その後、「読書の秋」という言葉で登場するのは1918年(大正7年)の読売新聞朝刊5面における「読書の秋 図書館通ひの人々 読書と世間」というものです。
そしてそれから数年後の1924年(大正13年)には、日本図書館協会が11月1日~11月7日を図書館週間として設定します。
これは昭和16年に一度廃止になってしまうのですが、戦後になって改めて、読書週間として復活を果たし、現在も読書週間は続いています。
この現在も続く読書週間のおかげで、「読書の秋」は完全に定着しているといえるでしょう。
上述の韓愈の詩にもあるように、秋は気候から見ても読書に適しています。
人間が本を読むときや勉強をするときの適温は18℃と言われております。体感としてもこれくらいは暑すぎず寒すぎずのちょうどいい気温ですね。
暑い夏は読書に限らず何をするにも気力が要りますし、冬は寒さで手がかじかんで手作業がはかどりません。本の頁をめくるのも一苦労ですよね。寒い室内でタイピングをするといつもより速度が鈍くなるのを感じます。
それならば秋に限らず春も、と思いますが18℃くらいの時期というのは梅雨になるため秋よりも蒸してしまいます。

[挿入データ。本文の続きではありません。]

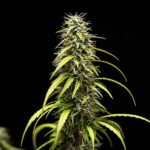 Royal Queen Seeds Goat’lato auto - Royal Queen Seeds kopen bij 7Smart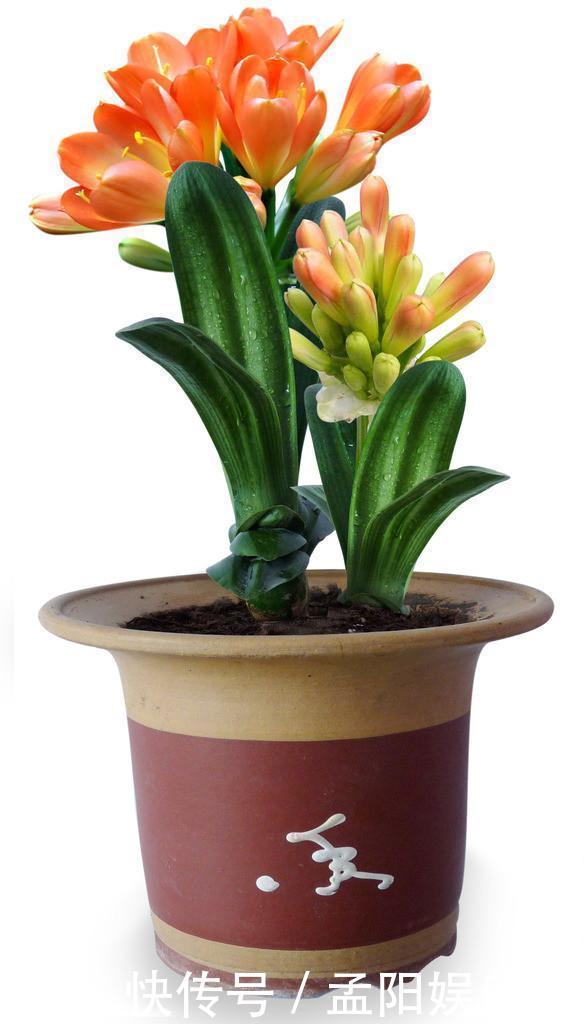 君子兰花期|君子兰用什么肥料最好,家里常备这三种肥料就足够了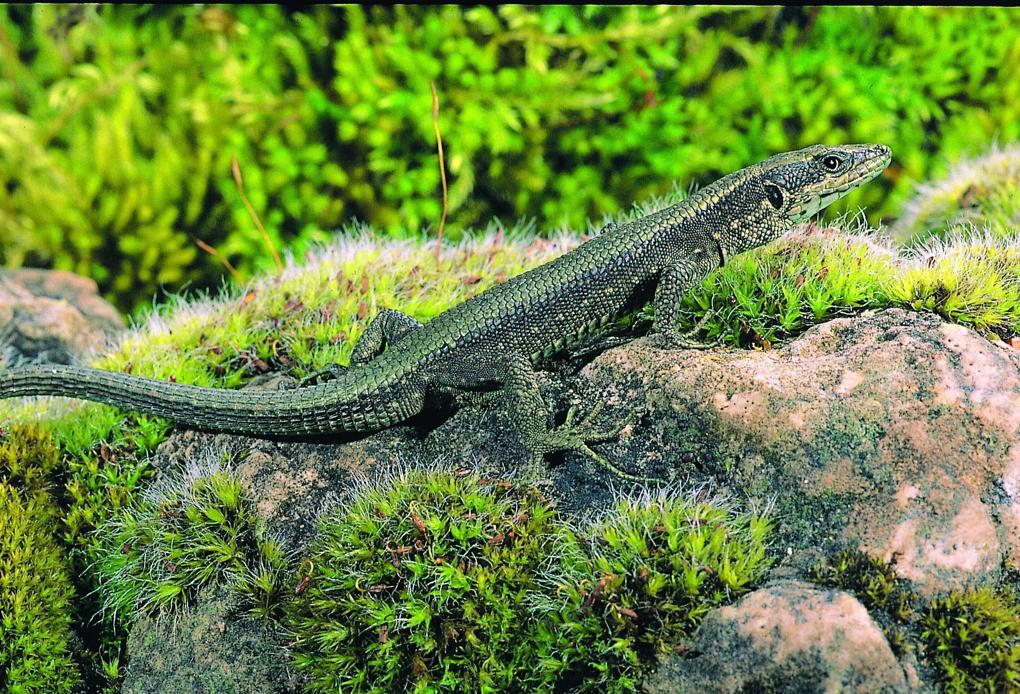 Lagarto en su espacio natural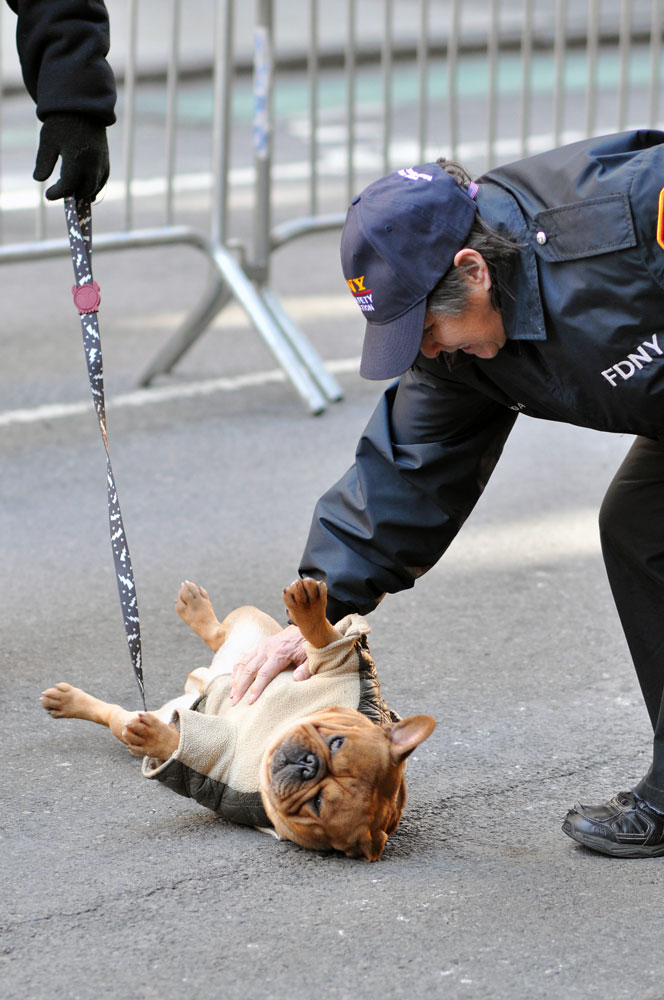 Hundreds of attendees (both animal and human) came out to the first NYC Paws Parade to celebrate the ASPCA's 150th anniversary! Check out our photo gallery for adoptable dogs, costumed dogs, and even a celebrity dog or two!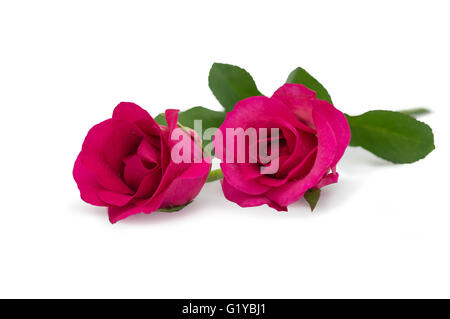 Two pink rose lying down on a white background Stock Photo - Alamy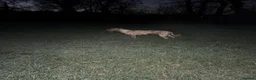 Mixed Breed dogs for sale: Deerhound x collie x bull x greyhound  - Advert 2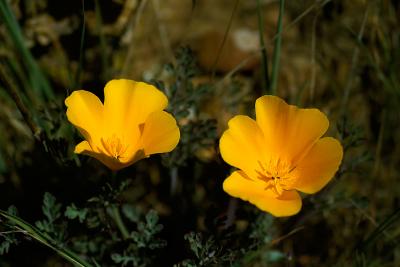 California Poppies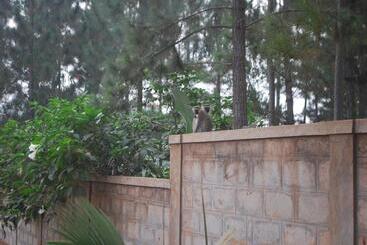 هتل Saltek Forest Cottages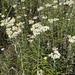 pearly everlasting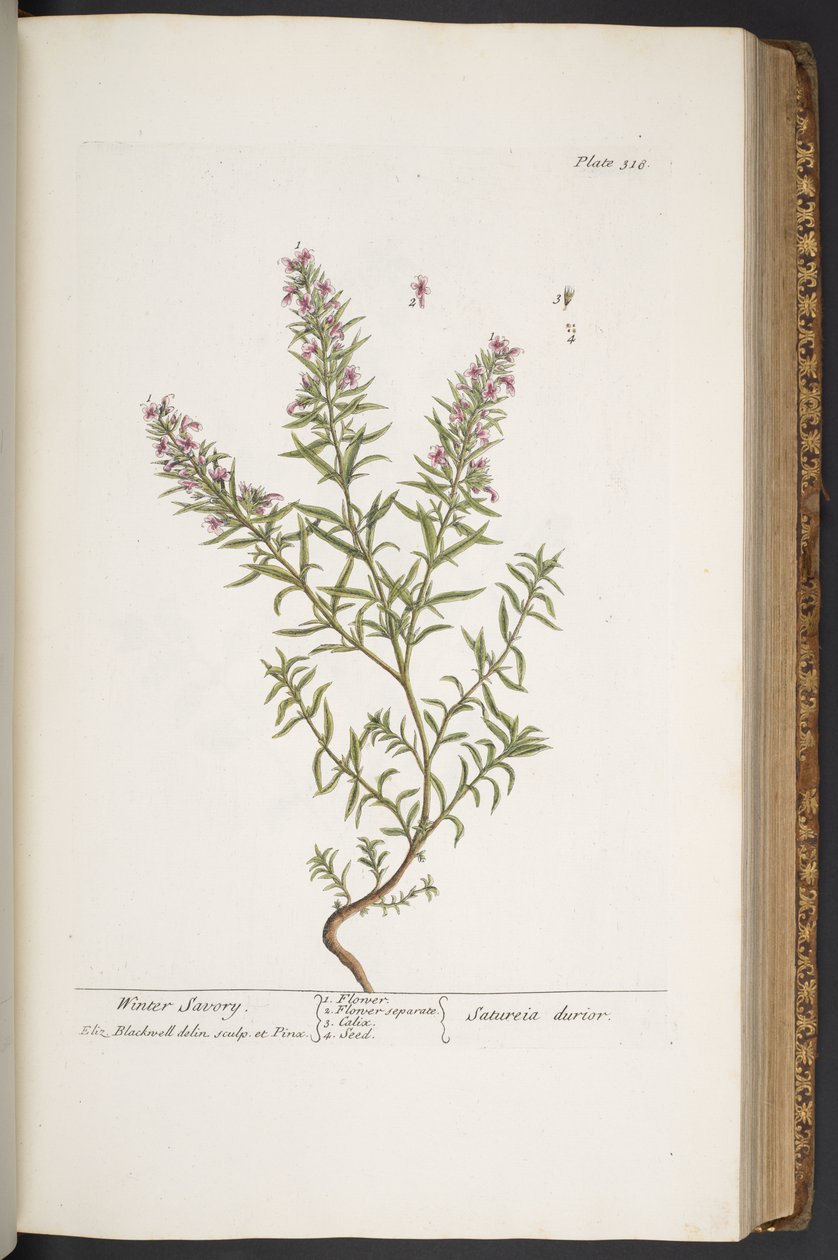 Talerz 318, z „Ciekawy zielnik” autorstwa Elizabeth Blackwell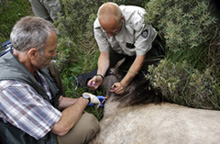 Anesthesie Konikspaard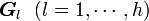 {\boldsymbol G_l} \ \ (l=1, \cdots, h)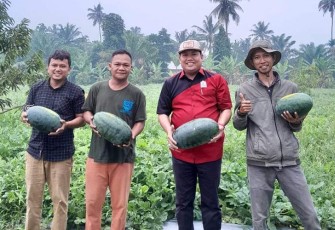Kadin Batu Bara saat Panen Perdana Semangka Binaan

そのため秋のほうがより読書に適している気候というわけですね。
スポーツの秋の由来
スポーツの秋の由来は1964年に開催された東京オリンピックにあります。
元々秋というのは気温や天気などの気候も良く、スポーツはしやすい季節ではあります。そのため「スポーツの秋」という言葉自体は、東京オリンピックのもっと前から使われておりました。
そこに東京オリンピックが開催されたことで、改めて秋にスポーツをするということに対して気風が高まりました。そしてなんと言っても開会式があった10月10日は「体育の日」として制定されました。現在ではハッピーマンデー制度により10月10日とは限らなくなっておりますが・・・
いわば、東京オリンピックが広告塔のような役割を果たしたというわけですね。まあオリンピック、それも自国での開催となればそれだけ与える影響も大きいでしょう。2020年の東京五輪は7月24日から開催ですが、また後世に残るような新たな文化が生まれるのでしょうか。

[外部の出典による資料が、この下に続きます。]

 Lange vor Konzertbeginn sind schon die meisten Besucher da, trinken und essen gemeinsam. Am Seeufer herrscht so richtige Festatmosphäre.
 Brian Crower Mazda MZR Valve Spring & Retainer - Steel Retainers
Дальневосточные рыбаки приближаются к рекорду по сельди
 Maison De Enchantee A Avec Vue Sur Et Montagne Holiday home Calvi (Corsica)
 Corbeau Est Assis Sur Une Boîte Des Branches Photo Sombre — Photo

これだけ定着したスポーツの秋が「スポーツの夏」として変わっていく、そんなこともあるかもしれませんね。
食欲の秋の由来
食欲の秋の由来についてなんですが、これは至極単純です。秋は美味しいものが多いので食欲中枢が刺激されるため「食欲の秋」と言われております。
イメージとしても秋は秋刀魚、梨、栗、ブドウなど美味しいものが旬を迎えますよね。
輸送手段や栽培技術が発達した現在では、一年を通して美味しいものが食べられますが、昔は季節に応じて作物が収穫され、その中でも秋は最も食べ物が豊富な季節でした。
個人的には鍋物やおでんなどが好物なので、どちらかというと冬のほうが食欲を刺激されるのですが・・・
あるいは、脳の神経伝達物質の観点からも秋に食欲が増える理由があります。
人間にはセロトニンという精神の安定を保つ脳内神経物質があるのですが、これは日中の日射時間によって分泌量が決まってきます。日射時間が多いほど、それに比例してセロトニンの分泌も多くなるんですね。
秋は夏よりも日射時間が減少するので、セロトニンの分泌量も減ることになります。
このセロトニンの分泌量を増やすための方法として食事があるため、これを増やそうとして食欲が増すという理屈です。
また、寒い冬を乗り切るために体が栄養をため込もうとして食欲が増えるという見方もできます。
まあ、冷めた見方をするならば、いずれも「○○の秋」というスローガンを掲げることでその業界は経済が活性化しますよね。おそらくどの「○○の秋」も、まずそのスローガンありきで、なぜ秋にそれをすると良いのか、という理由は後付けなところもあると思います。